For as much as the pressure could have seeped in — after all, Bowery Ballroom has enjoyed a second (or third life) as a pre-conquest proving ground — Sunday night’s presentation was an admirably laid-back affair, a drag ball masquerade accented by Seapunk/mermaid iconography and an undercard of underground-approved heroes of NYC’s queer rap scene (House Of LaDosha, Tigga Calore). Before I arrived, a friend’s friend who had already been there for a while described the crowd as “ratchet,” and I found that description to be accurate. So by the time Azealia hit the stage — a little after 1 AM on a school night — the crowd was still enthused, though I suppose the on-stage competition to award the night’s best mermaid had something to do with that (someone named “Bubbleloosha,” or something like that, won.

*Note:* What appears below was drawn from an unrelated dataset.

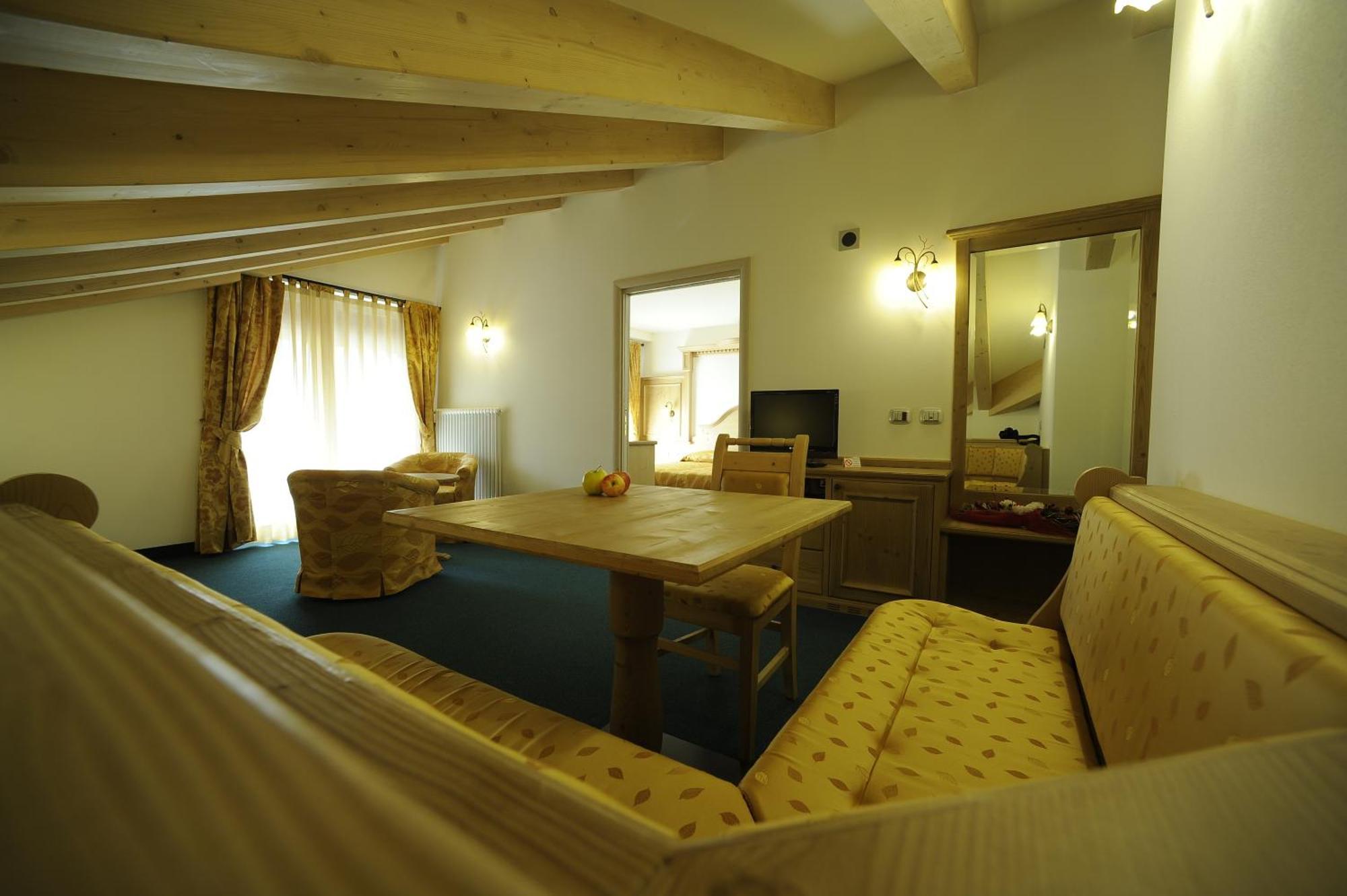 Family Hotel Andes - Only For Family 维哥迪法萨 外观 照片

Congrats!). Though Azealia’s outfit was eye-popping — intercut orange and cerulean, star-shaped pasties visible through a thin mesh top, pink-and-blue tinted hair flowing well below her waste — her on-stage presence was practiced and cool, unflashy but purposefully so. After all, it has to require a lot of focus to rap that fast, which Banks did, only barely leaning on backing tracks. She played the lesser-known, Machinedrum-produced “Barbie Shit,” and everyone up front knew the words. Acrylic balloons like dolphins and octopi were batted through the crowd. Instead of a merch stand, a girl in mermaid garb worked a cotton candy machine and handed out her wares for free. When the breakdown of “212” hit, Banks’s sister, sitting in the balcony, was there to rip the cord on another cache of aqua-colored balloons. It was that kind of crowd.
In her performance, Banks didn’t show the audience much more than what we already knew, as her thirty-minute set included all of the material from her excellent (if short) recent EP 1991. Though she introduced a song as a new song from the forthcoming mixtape Fantasea, it turned out to be “Jumanji,” an impressive, electric track that surely made its way to thousands of iTunes playlists (and mixtapes) the second it was available and a song that elicited the a satisfied sigh of recognition from the audience when the first bars dropped. Banks was joined by a pair of absurdly athletic dancers, who at one point performed solo during an interlude, but it was hard to notice them when they flanked Banks, such was the magnetism of Banks’s onstage exercise (how do mermaids breathe, anyway?). Though the songs in question this evening, many of them in flush with the Burial-lite dance textures of collaborating producer Machinedrum, leveled this particular crowd, the larger, message-board fodder questions still exist. Can Banks come up with another “212,” or carry a pop single? Is she the anointed savior, as promised, for those rap fans that think Nicki doesn’t rap enough? Can her densest stuff stick on the radio? Can she be the lynchpin of a festival? Though I have a good feeling about her, none of that was answered. But for the moment, Banks has found focus in the chaos.